In früheren Jahren habe ich meinen Briefkasten geliebt. Er war immer liebevoll, treu und zuverlässig: Jeden Tag aufs Neue – außer an den nicht zuletzt deshalb verhassten Sonntagen – war er voll, jeden Tag aufs Neue brachte er Freude in mein Leben. Er barg jede Menge Briefe aus allen möglichen Ländern, bunte Postkarten und gefütterte Umschläge mit allerlei Überraschungen. Er war mein Reisebüro, meine Wärmespendemaschine und mein Sozialleben. Ebenso liebte ich den Briefkasten, der vor dem winzigen, nur wenige Schritte von meiner damaligen Wohnung entfernt gelegenen Postamt stand: Er verband mich mit allen Menschen, die mir etwas bedeuteten, er war der Ausgangspunkt, von dem aus meine Gedanken zu ihnen in aller Welt gefahren, geflogen oder verschifft wurden.

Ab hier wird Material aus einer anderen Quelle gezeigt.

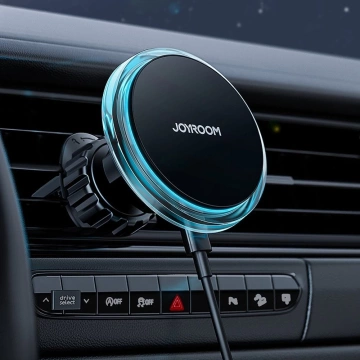 Магнітний автомобільний тримач Joyroom Qi Бездротовий індукційний зарядний пристрій 15 Вт (сумісний з MagSafe для iPhone) Повітряний отвір сріблястий (JR-ZS291)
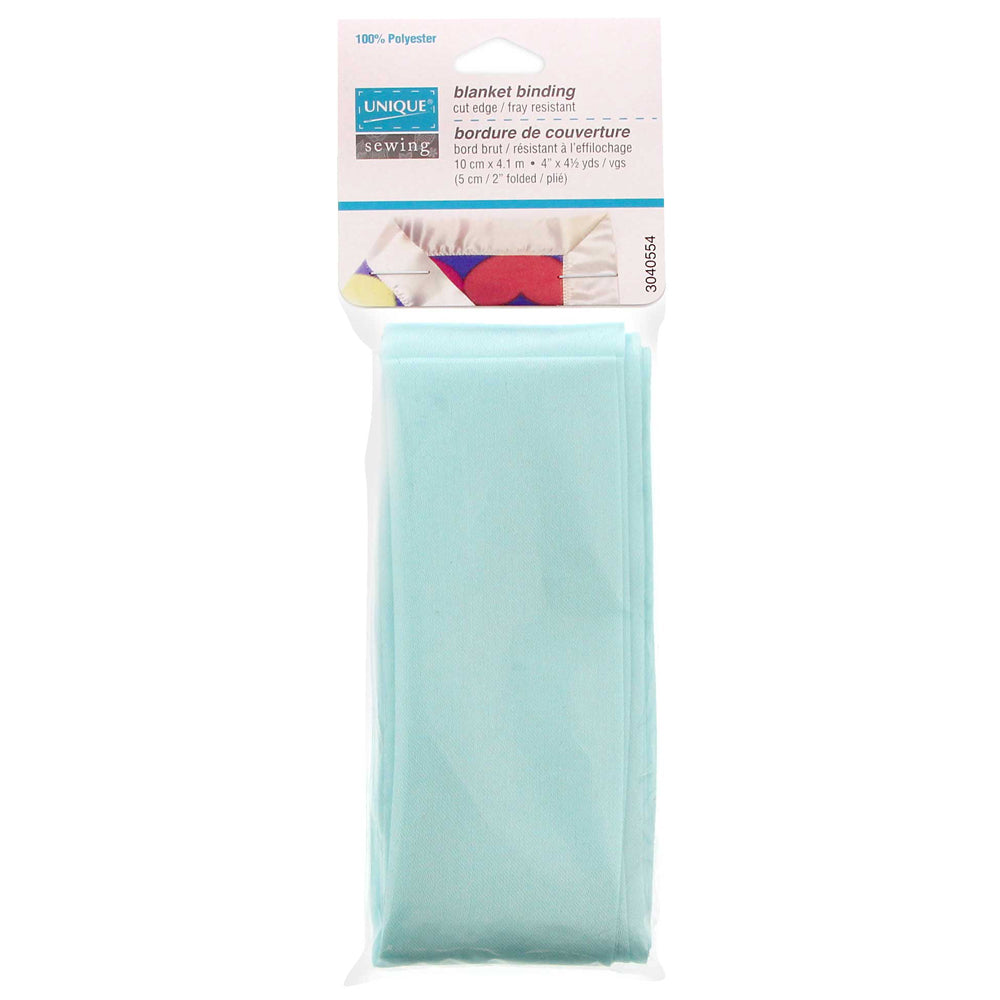 UNIQUE SEWING Satin Blanket Binding — 10 cm × 4.1 m, Blue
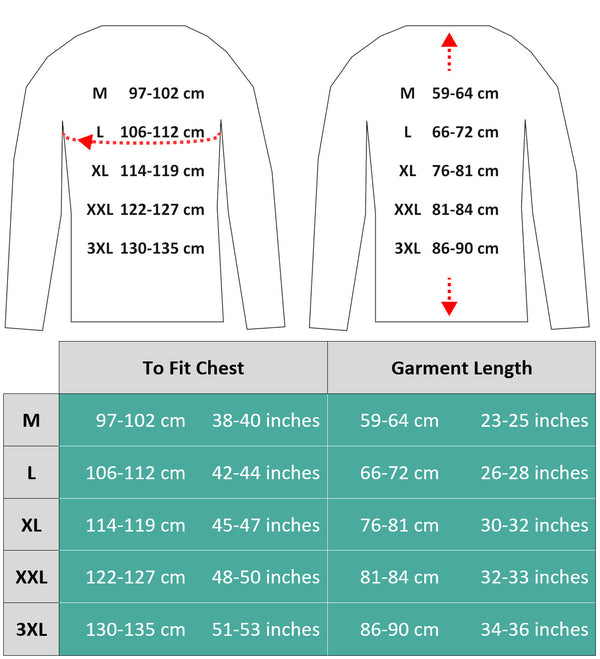 Size chart for Baja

Dinge ändern sich. Das kleine Postamt gibt es nicht mehr, Freundschaften zollten Berufswahl und zu unterschiedlichen Lebenswegen Tribut und entschliefen. Nach und nach verschwand alles Private aus meinem Briefkasten, behördliche Mitteilungen und paar harmlose Rechnungen teilen sich ab und zu den leer gebliebenen Raum. Für mich gehört dies zu den traurigsten Erfahrungen, die das Leben und das Alter mit sich bringen.

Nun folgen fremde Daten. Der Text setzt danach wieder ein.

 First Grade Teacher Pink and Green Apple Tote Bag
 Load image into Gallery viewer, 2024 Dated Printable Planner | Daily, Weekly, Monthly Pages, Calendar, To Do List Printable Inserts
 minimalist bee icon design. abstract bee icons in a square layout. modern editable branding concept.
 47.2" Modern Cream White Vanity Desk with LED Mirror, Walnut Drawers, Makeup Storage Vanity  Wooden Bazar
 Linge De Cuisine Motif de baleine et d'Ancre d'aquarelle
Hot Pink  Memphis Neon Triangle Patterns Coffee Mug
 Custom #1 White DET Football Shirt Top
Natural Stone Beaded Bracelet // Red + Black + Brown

Hier zeigt sich auch, wie sehr sich die – mittlerweile nicht mehr ganz – neuen Medien von den alten unterscheiden. Ich habe es andernorts bereits erläutert: eMails haben in keinerlei Hinsicht Briefcharakter. Sie wurden als rasches Kommunikations- und Informationswerkzeug konzipiert und erfüllen lediglich diese Aufgabe.
Selbst im privaten Bereich bleiben sie notwendigerweise oberflächlich und kurzlebig – wer druckt schon jeden Zweizeiler aus, um ihn zu archivieren? eMails sind immer aktuell und kommen gerade deshalb über die eigene Aktualität nicht hinaus, bleiben für die Welt- und Literaturgeschichte wie für die persönliche auch in höchstem Maße ahistorisch.

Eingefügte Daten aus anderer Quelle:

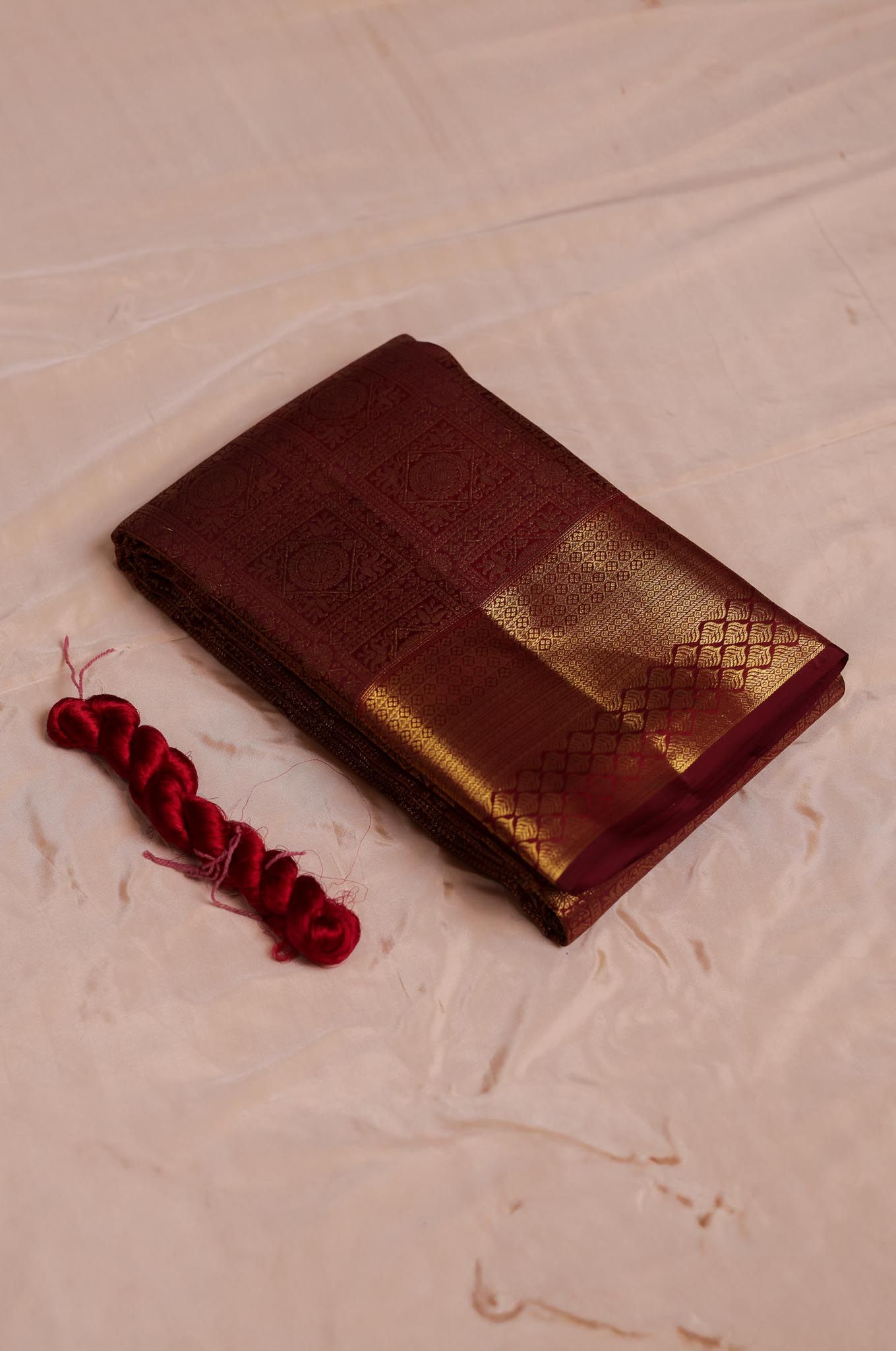 Deep Merun Kanchipuram Silk Saree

Auch emotional sind sie nicht in der Lage, als Surrogat zu fungieren. Das Gefühl, das eine vertraute Handschrift, die sorgfältig ausgewählte Briefmarke, die Dicke des Umschlags beim Öffnen des Briefkastentürchens vermitteln, hat eine andere Qualität als das bloße Entdecken einer bekannten Absenderadresse in der Liste des elektronischen Postfachs. Briefe sind nie selbstverständlich: Sie verlangen gleichermaßen von Autor und Adressat ein gewisses Maß an Zeit, an „Mühe“, an Bereitschaft, das eigene Leben für ein paar Augenblicke zu vergessen und zurückzustellen und sich auf den Anderen ganz und gar einzulassen. eMails bleiben nur ein Transportmittel für Fakten und bedeuten nur in sehr seltenen Ausnahmefällen ein wahren, echten, tiefen und intimen Austausch. Vergleiche ich frühere Briefe von Freunden mit ihren heutigen eMails – so sie überhaupt noch schreiben -, erkenne ich die Person hinter den Worten kaum wieder, und das hat nichts mit der eigenen Entwicklung zu tun. Sie haben kaum noch Inhalt und aus Gesprächen ist Belangloses geworden.
Es haben nicht wenige schon vor mir beschrieben und mitunter wissenschaftlich untersucht, wie sehr die Tatsache, dass mit der Hand oder mit einer Tastatur geschrieben wird, insbesondere im rein privaten und freundschaftlichen Bereich die Korrespondenz auch inhaltlich verändern kann. Neurologen, Soziologen, Anthropologen und Psychologen haben sich hinreichend damit beschäftigt. Doch ihre Erkenntnisse sind kein Trost.
So bleibe ich zurück – mit der Sehnsucht nach meinem geliebten Briefkasten.